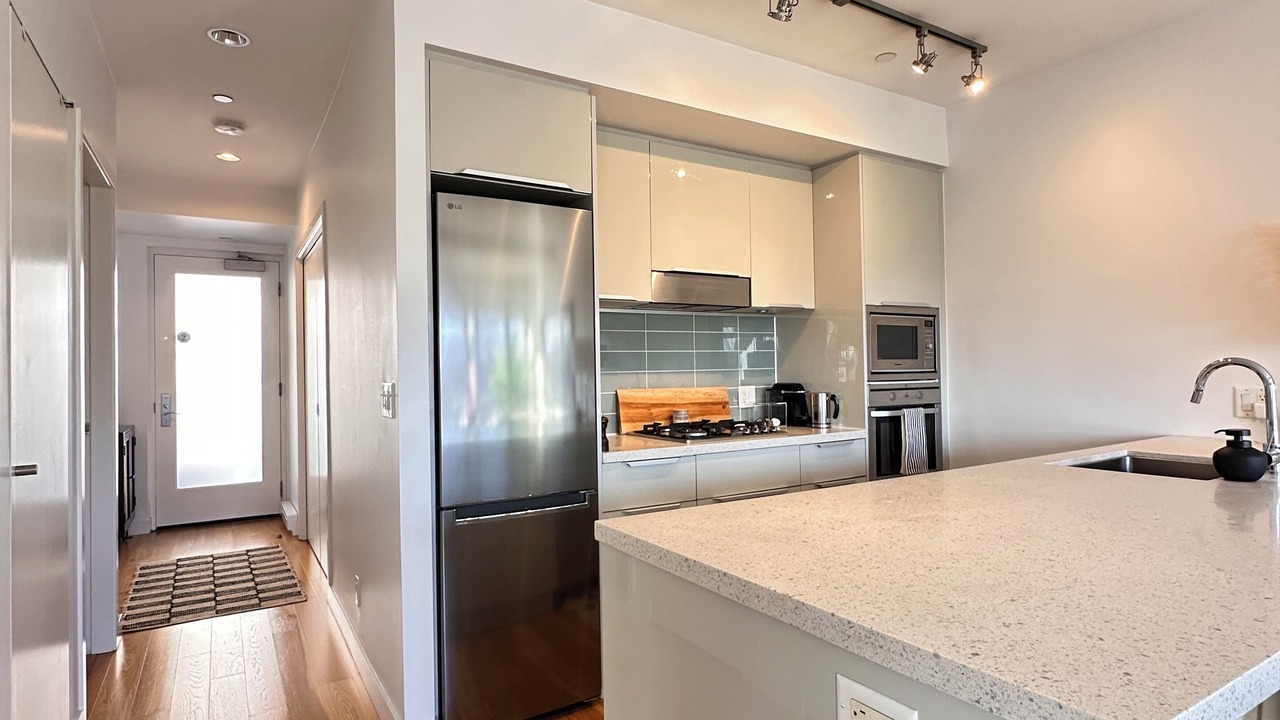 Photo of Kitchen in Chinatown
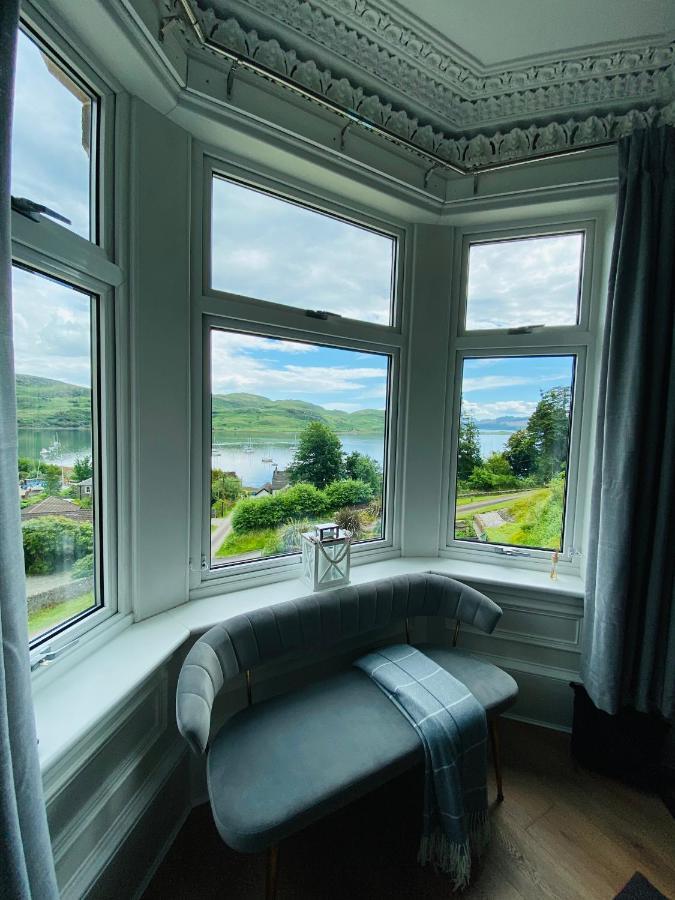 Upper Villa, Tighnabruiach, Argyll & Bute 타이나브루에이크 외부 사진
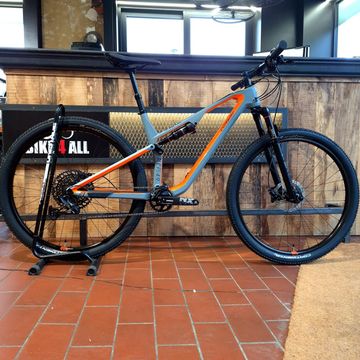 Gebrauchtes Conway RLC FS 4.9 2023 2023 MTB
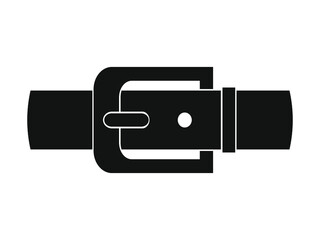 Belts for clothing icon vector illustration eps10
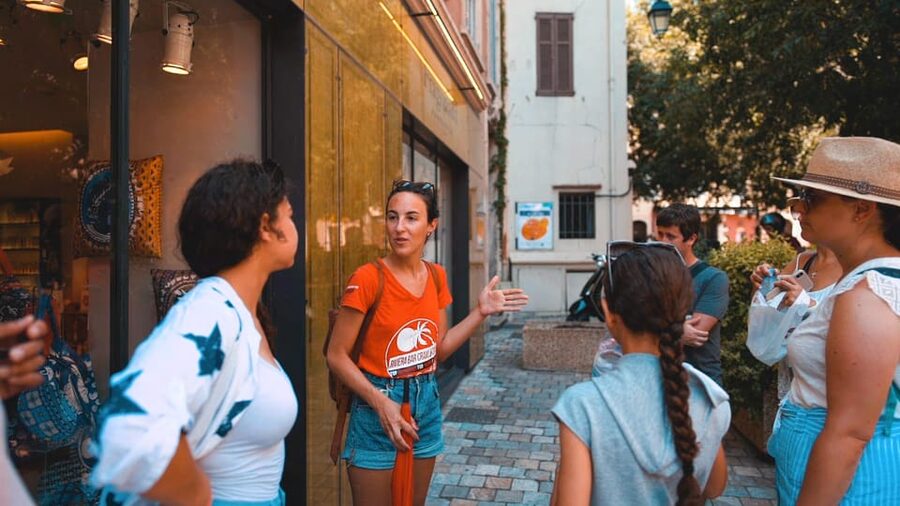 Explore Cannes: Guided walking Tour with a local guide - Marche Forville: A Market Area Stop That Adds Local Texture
* * *
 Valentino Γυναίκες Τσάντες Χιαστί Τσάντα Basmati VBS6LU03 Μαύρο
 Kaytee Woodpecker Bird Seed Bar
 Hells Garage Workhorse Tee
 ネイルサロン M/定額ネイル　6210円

What you will do
Would you output only the span of the records above that opens with the line containing "Upper Villa, Tighnabruiach, Argyll" and closes with the line containing "Explore Cannes: Guided", ends included and pictures dropped?

Response to the exercise
 Upper Villa, Tighnabruiach, Argyll & Bute 타이나브루에이크 외부 사진
 Gebrauchtes Conway RLC FS 4.9 2023 2023 MTB
 Belts for clothing icon vector illustration eps10
 Explore Cannes: Guided walking Tour with a local guide - Marche Forville: A Market Area Stop That Adds Local Texture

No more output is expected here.